ケン・イシイと分厚いマニュアル

もう随分前だけど、キーボードマガジンだったかサンレコだったか、とにかくそういう音楽を作る側の趣味雑誌に掲載されたケン・イシイのインタビュー。その最後の言葉が強く印象に残っている。

インタビュア「では最後に読者の方にメッセージをお願いします」
ケン・イシイ「新しい機材を買ったらマニュアルはしっかり読みましょう」

普通この手のインタビューのシメは自分の新譜の宣伝とか、テンプレ的な感謝や応援の言葉だろうという予想に反して、実に的確で具体的なアドバイスが彼らしくて爆笑してしまった。当時の彼の音楽は僕の趣味ではなかった(近年の作品はわりと好き)が、このアドバイスは実に正しくプラクティカルだ。

最近のシンセサイザーは、機能を絞ったモデルが人気だけど、当時はユーザーフレンドリーとは言い難いインターフェースのくせに、やたらと機能が詰め込まれ深い階層になっている機材が多かった。

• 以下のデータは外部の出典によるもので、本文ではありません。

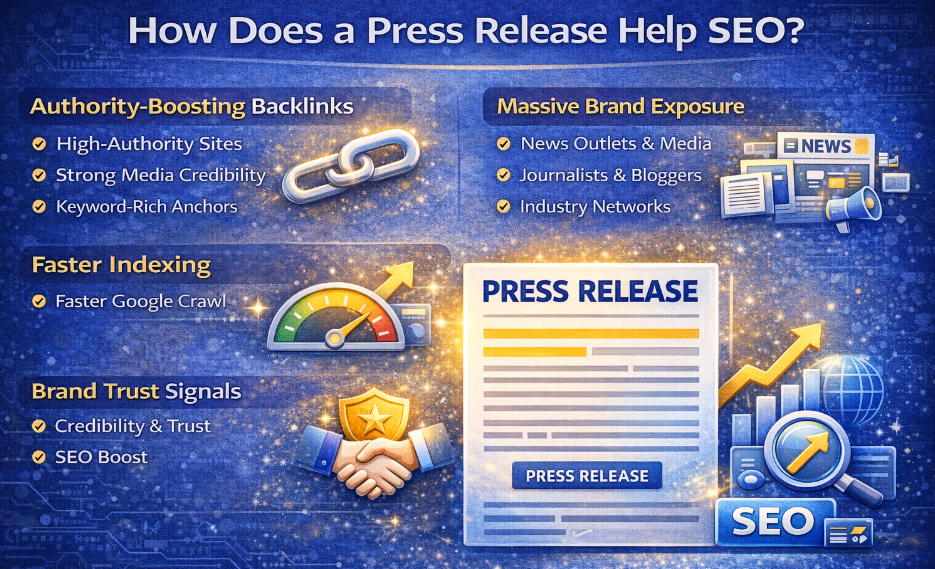 How Does a Press Release Help SEO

ミュージシャンはマニュアルを読み込むなんて面倒な作業は嫌う傾向があったので、何年も使ってる機材でも知らないままの機能は多かっただろう。

ユーザーの知識は低いレベルで停滞する – U-Site
http://www.usability.gr.jp/alertbox/stagnating-expertise.html

この記事を読んで、そんなことを思い出した。